日経DUAL編集部(以下、――) 連載小説を執筆いただいていた頃にはお子さん二人とも小学生でしたが、上のお子さんは今年、中学生になったそうですね。中学受験をされたとか。

椰月美智子さん(以下、敬称略) はい。私立中学受験をしました。結果からお伝えすると、志望する2校に絞って挑んだ受験の結果は「不合格」。結果が分かった直後は私もガックリして力が入らない状態でしたが、ひと月半ほどたった今は、「あの子の成長のためにも、やってみて本当によかった」と思えるようになりました。長男も「話していいよ」と言ってくれました。

「不合格が分かった直後はがっくり落ち込みましたが、1カ月が経った今、ようやく『やってみて本当によかった』と思えるようになりました」と話す椰月さん。4月中旬、小田原城址公園にて
「不合格が分かった直後はがっくり落ち込みましたが、1カ月が経った今、ようやく『やってみて本当によかった』と思えるようになりました」と話す椰月さん。4月中旬、小田原城址公園にて

―― 受験は早い段階から予定していたのでしょうか?

椰月 いえ、まったく。私は生まれ育った小田原で今も生活しているのですが、私も夫も中学受験は経験しておらず、都心から離れた小田原では中学受験は少数派。息子が通っていた小学校でも、中学受験をしたのは3人だけでした。

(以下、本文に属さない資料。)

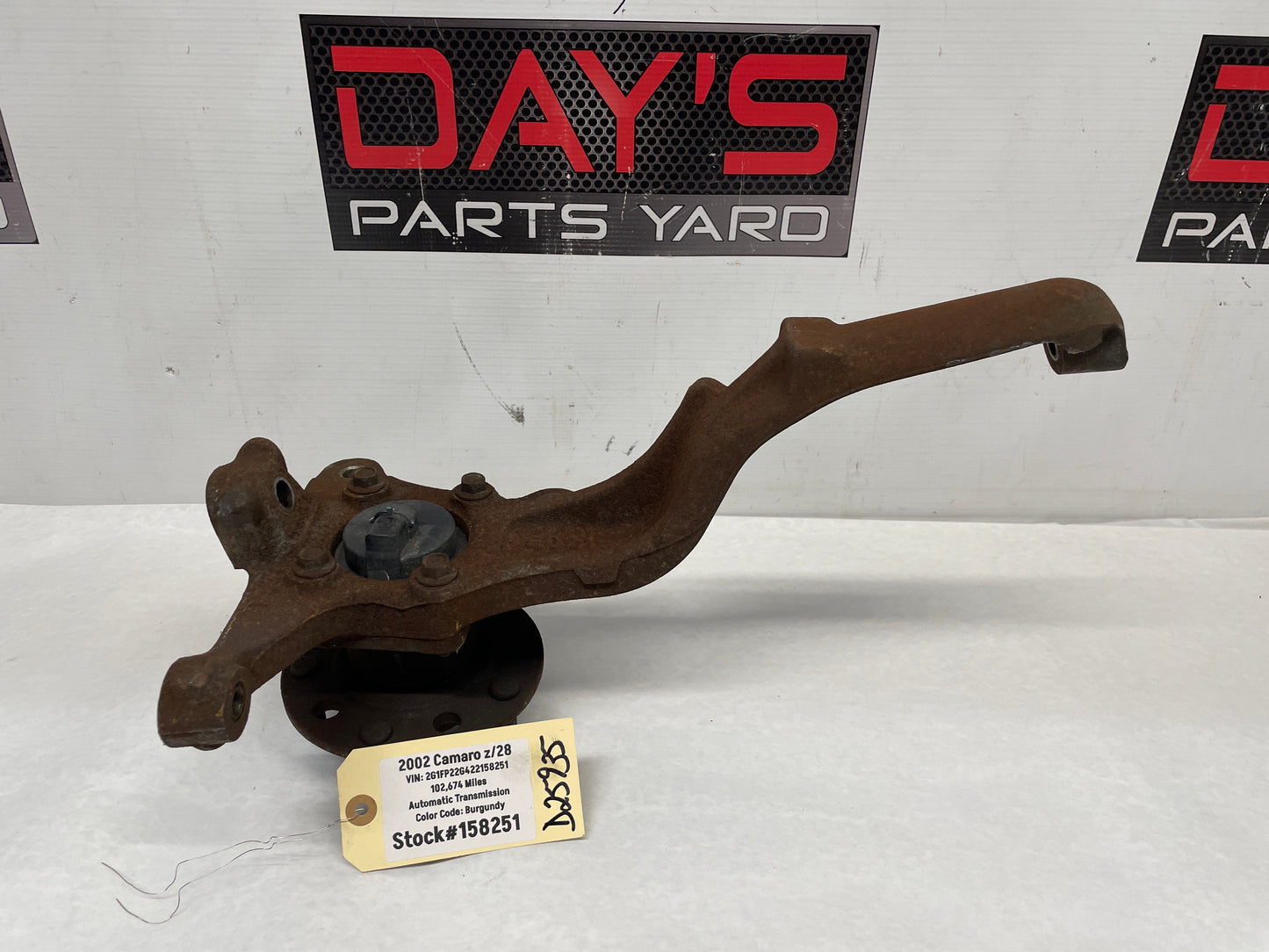 2002 Chevy Camaro Z28 LH Driver Front Spindle Knuckle Hub Wheel Bearing OEM - Day's Parts Yard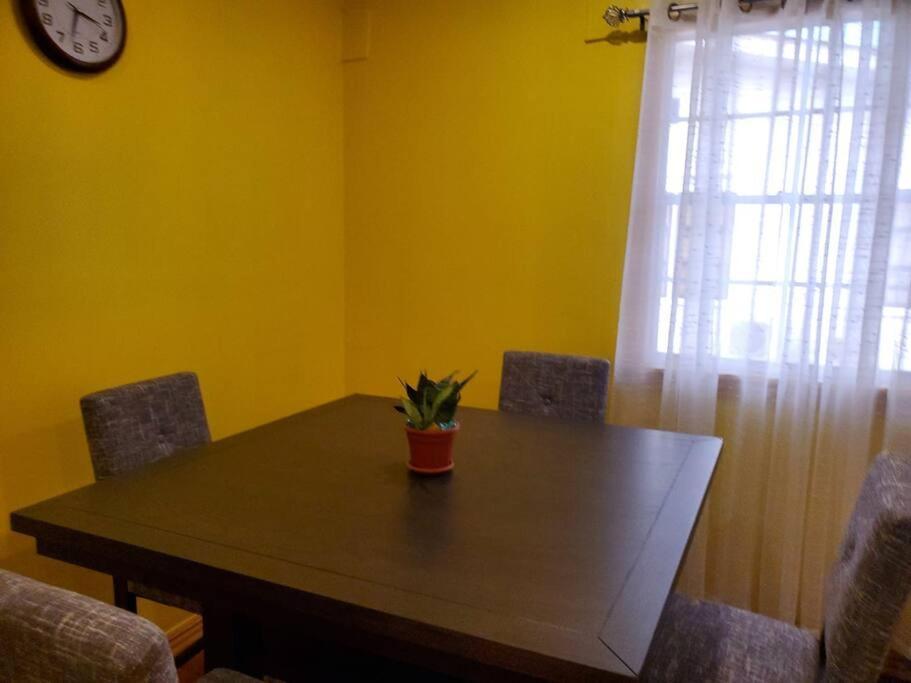 Upstairs 2 Bedroom Avalon Regia Apartment Georgetown Zewnętrze zdjęcie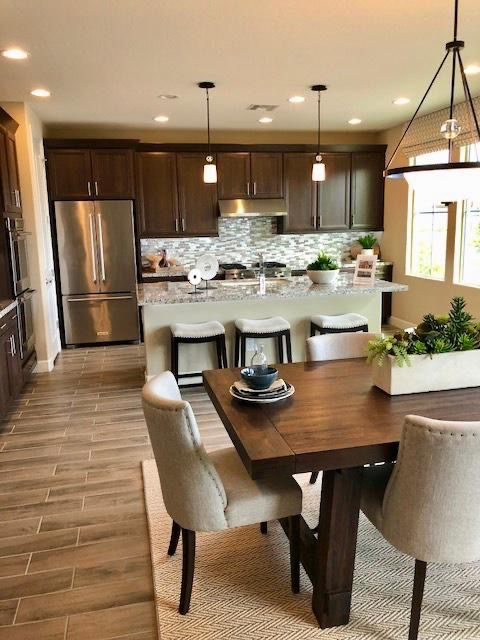 949 W Angel Dr - Photo 7 of 37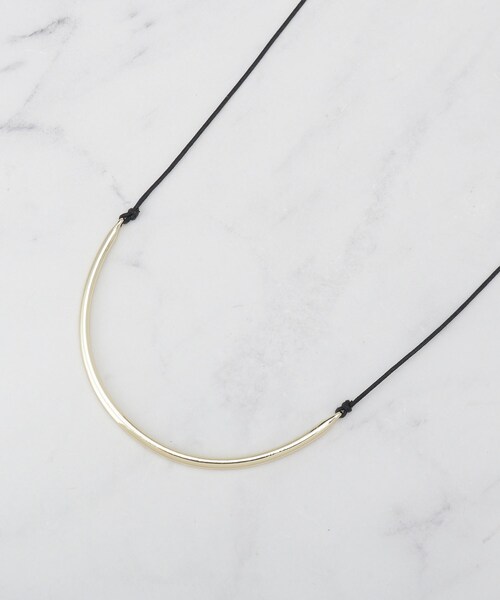 INDIVI（インディヴィ）の「【長さ調整自由】メタルカーブバーネックレス（ネックレス・レディース・ゴールド/シルバー・00）」の2枚目の写真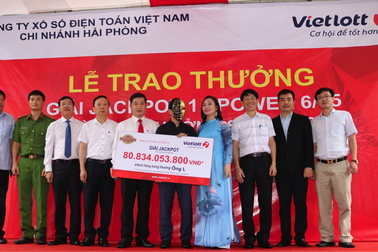 Kiên trì mua một dãy số suốt 1 năm, người đàn ông trúng số 80 tỷ đồng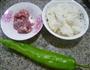 青椒肉末炒饭的做法图解1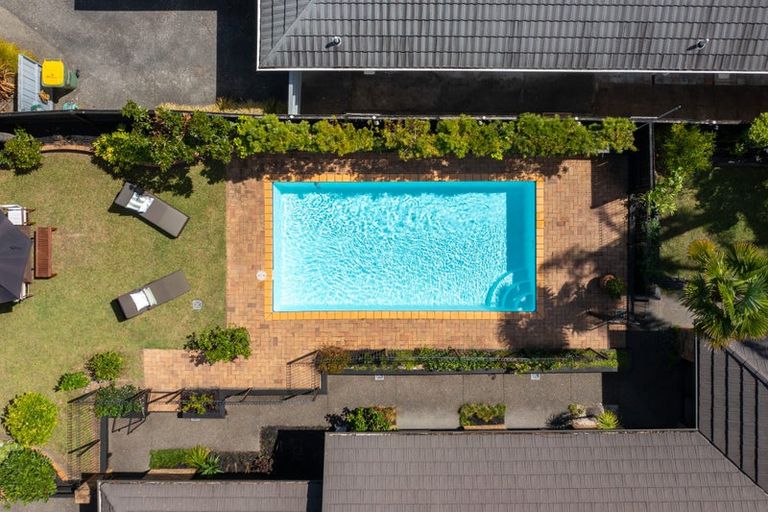 Photo of property in 5 Crestview Place, Browns Bay, Auckland, 0630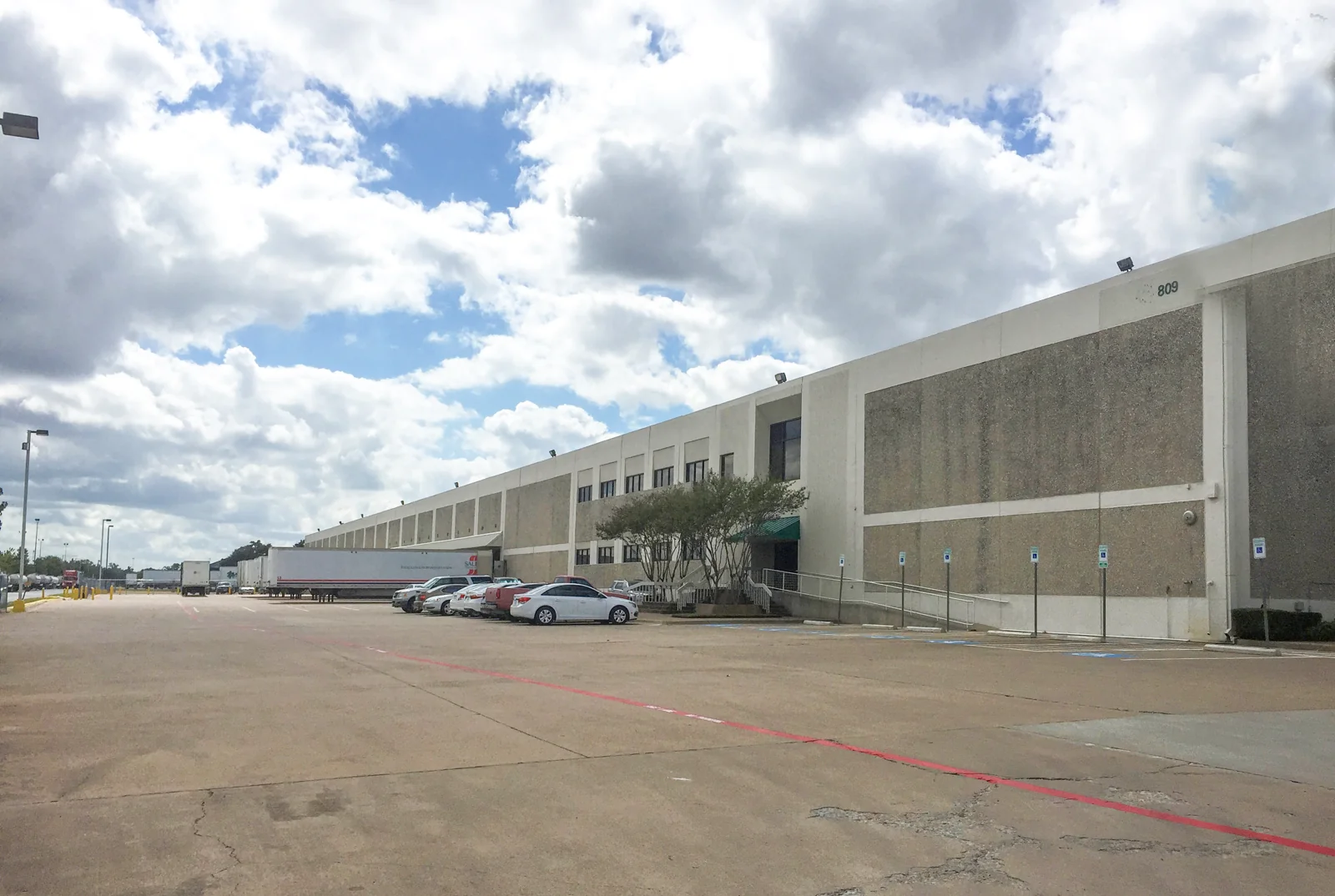 GSW Distribution Center — Lease in Arlington, TX, photo 1 of 2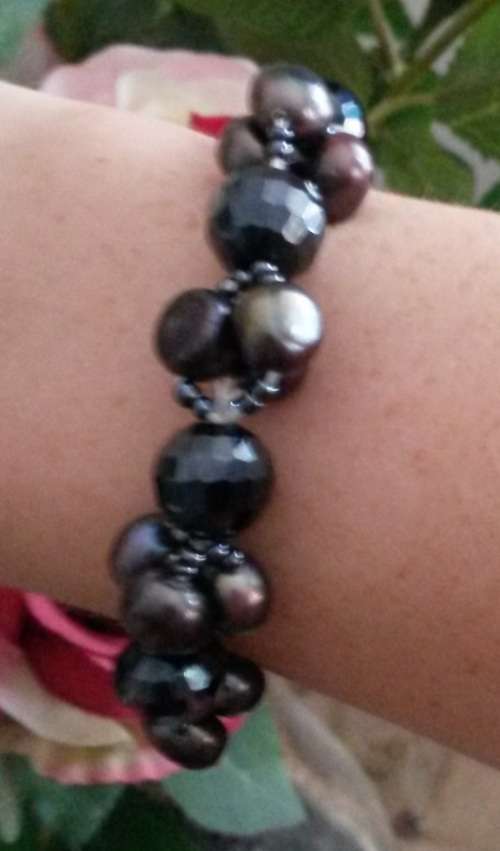 BEAUTIFUL MOTHERSDAY BRACELET FROM GENUINE FRESH WATER PEARLS AND BEADS!!!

 それでも受けようと思ったのは、最終的に本人が希望したことと、周りの先生方から「私立向きの子ですね」と言われることが多かったから。長男は環境に左右されやすい敏感な性格で、人とは少し違う選択をすることに喜びを感じるタイプ。最終的に、5年生の10月頃に学校見学に行って、本人が「ここは自分に合いそう。ここがいい」と感じたところを受けました。

 ちなみに次男はどこに行っても変わらないというか、環境に左右されないタイプで、むしろ地元の公立が合っていると思うので、中学受験は考えていません。

 初めて受験を意識したきっかけというのも、3年生から通い始めた塾がたまたま進学系の塾だったから。そもそも、塾に通うようになった理由は、「なんとか学校の授業に追いつかせたい」という気持ちからだったので、まさか受験することになるなんて、当時は思っていませんでした。